• _What you are asked to do_
Write out all records as given; omit images.

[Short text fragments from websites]
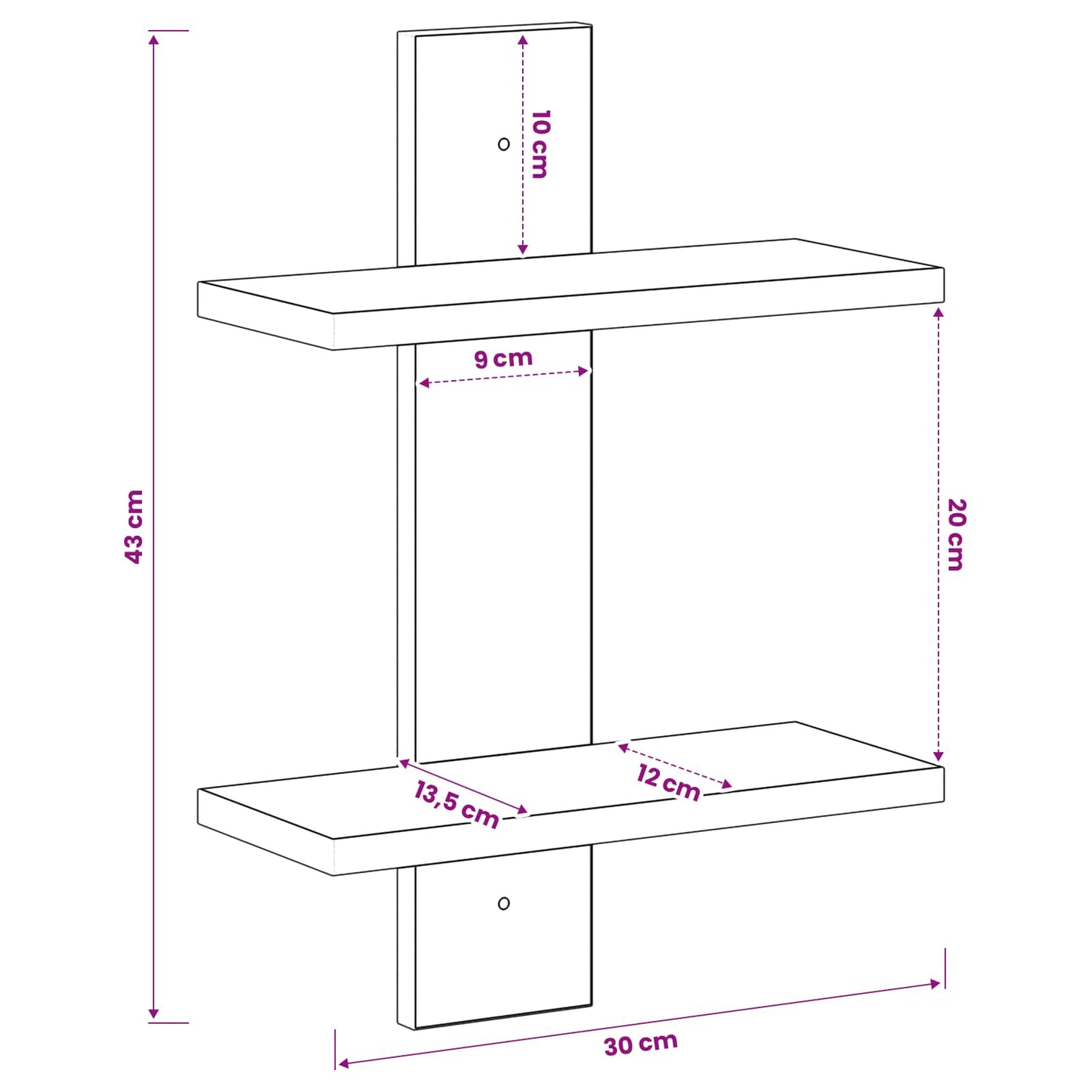 vidaXL Ράφι Τοίχου Καπνισμένο Ξύλο Δρυός 30 x 13.5 x 43 cm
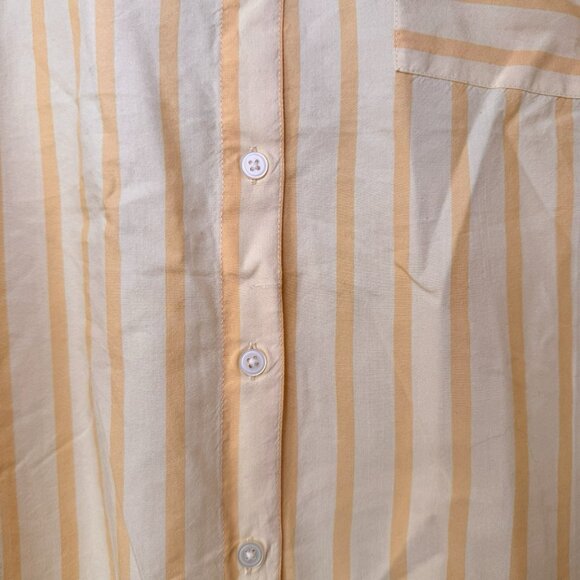 LOFT Shirt Womens Yellow Stripe Long Sleeve Button Size Large Mediumweight - Picture 4 of 8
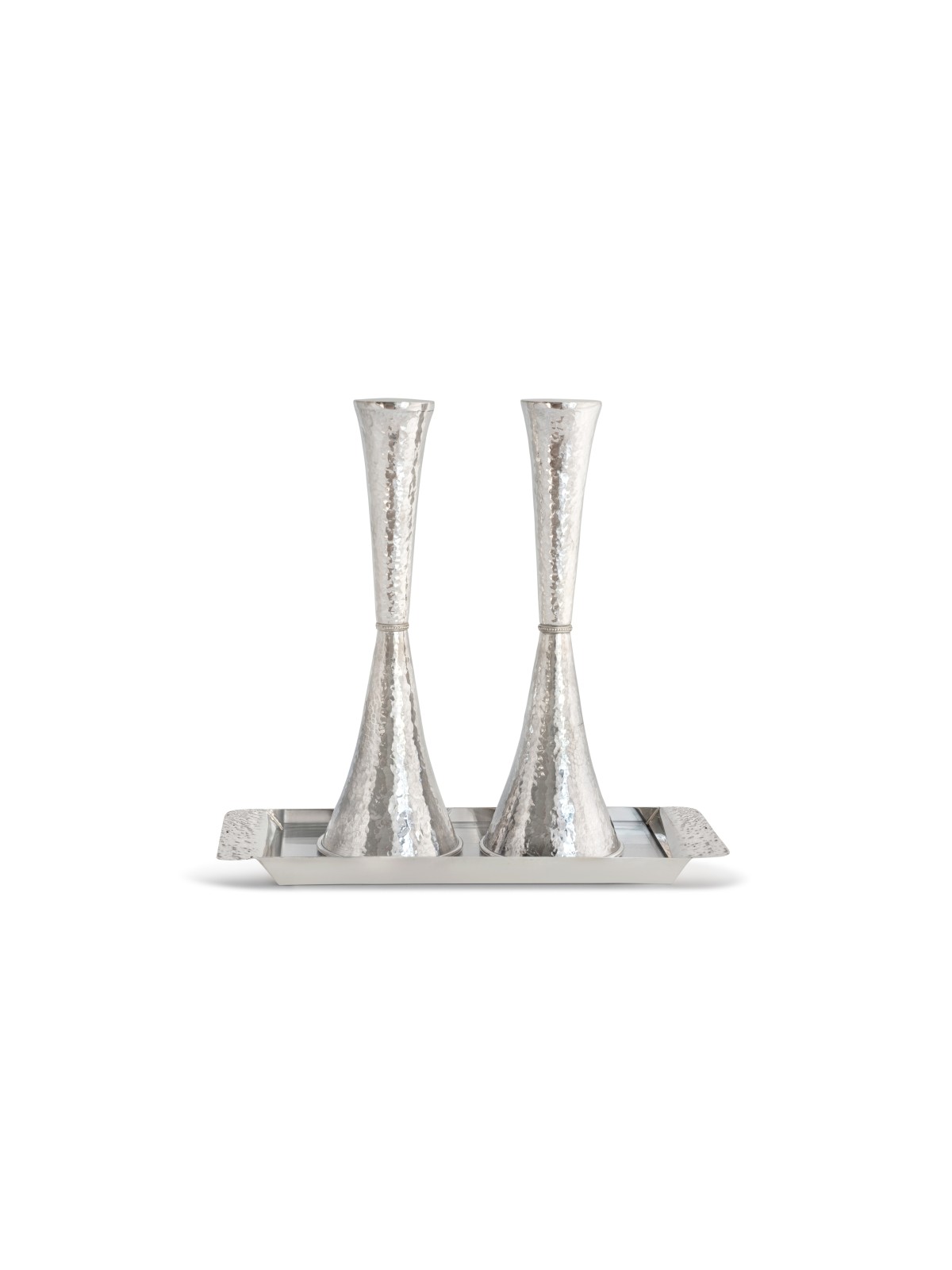 Silver Hammered Contemporary and Elegant Candlesti , Passover Gifts ,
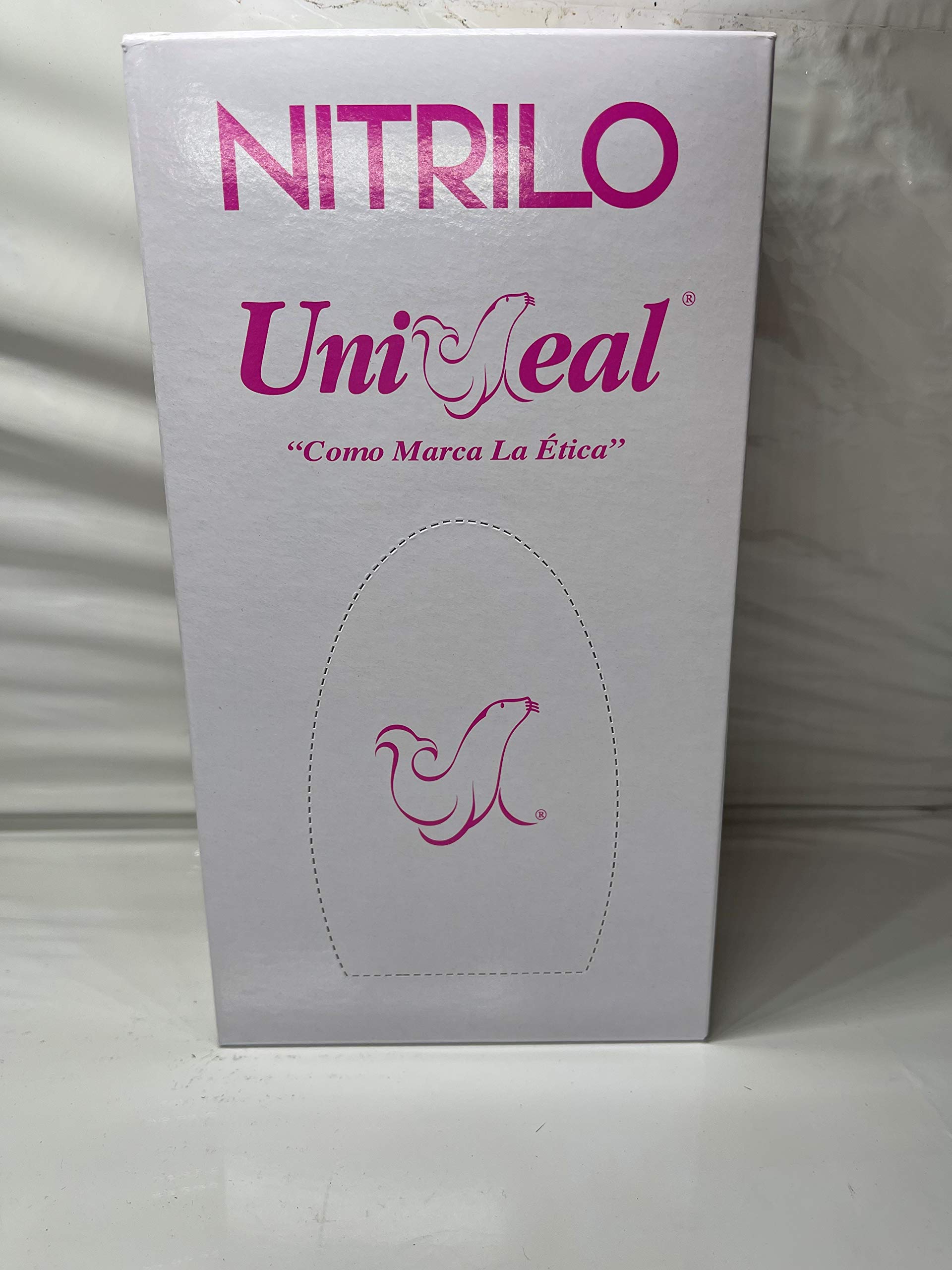 Guante de Nitrilo Uniseal Color Rosa Talla Extra chica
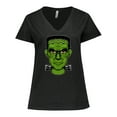 thumbnail image 1 of Inktastic Halloween Frankenstein Head Women's Plus Size V-Neck T-Shirt, 1 of 5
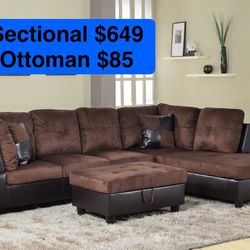 Brand New Brown  Sectional Sofa Couch 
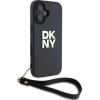 DKNY Wrist Strap Stock Logo iPhone 16 Case - Black - (DK000289-0)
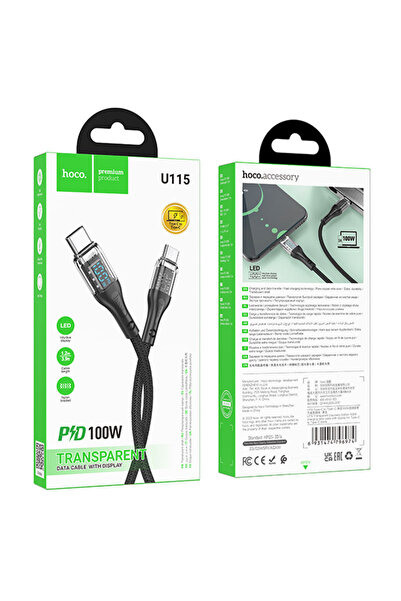 Hoco Cablu Date si Incarcare (U115), USB-C, PD100W, QC3.0, 1m, Black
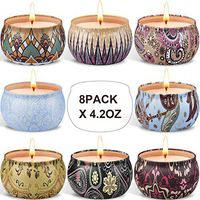 Arosky 8 x 4.2 Oz Scented Candles Set, Natural Aromatherapy Soy Wax Candle in Portable Travel Tin for Women
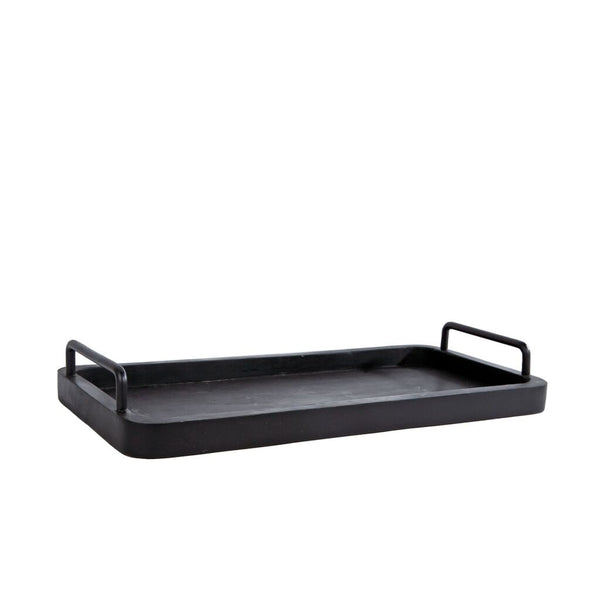 Dienblad handvat metaal S zwart hout 50x24x2,5cm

• _Finished task_
 vidaXL Ράφι Τοίχου Καπνισμένο Ξύλο Δρυός 30 x 13.5 x 43 cm
 LOFT Shirt Womens Yellow Stripe Long Sleeve Button Size Large Mediumweight - Picture 4 of 8
 Silver Hammered Contemporary and Elegant Candlesti , Passover Gifts ,
 Guante de Nitrilo Uniseal Color Rosa Talla Extra chica
 thumbnail image 1 of Inktastic Halloween Frankenstein Head Women's Plus Size V-Neck T-Shirt, 1 of 5
 Brand New Brown  Sectional Sofa Couch 
 DKNY Wrist Strap Stock Logo iPhone 16 Case - Black - (DK000289-0)
 Hoco Cablu Date si Incarcare (U115), USB-C, PD100W, QC3.0, 1m, Black
 Arosky 8 x 4.2 Oz Scented Candles Set, Natural Aromatherapy Soy Wax Candle in Portable Travel Tin for Women
 Dienblad handvat metaal S zwart hout 50x24x2,5cm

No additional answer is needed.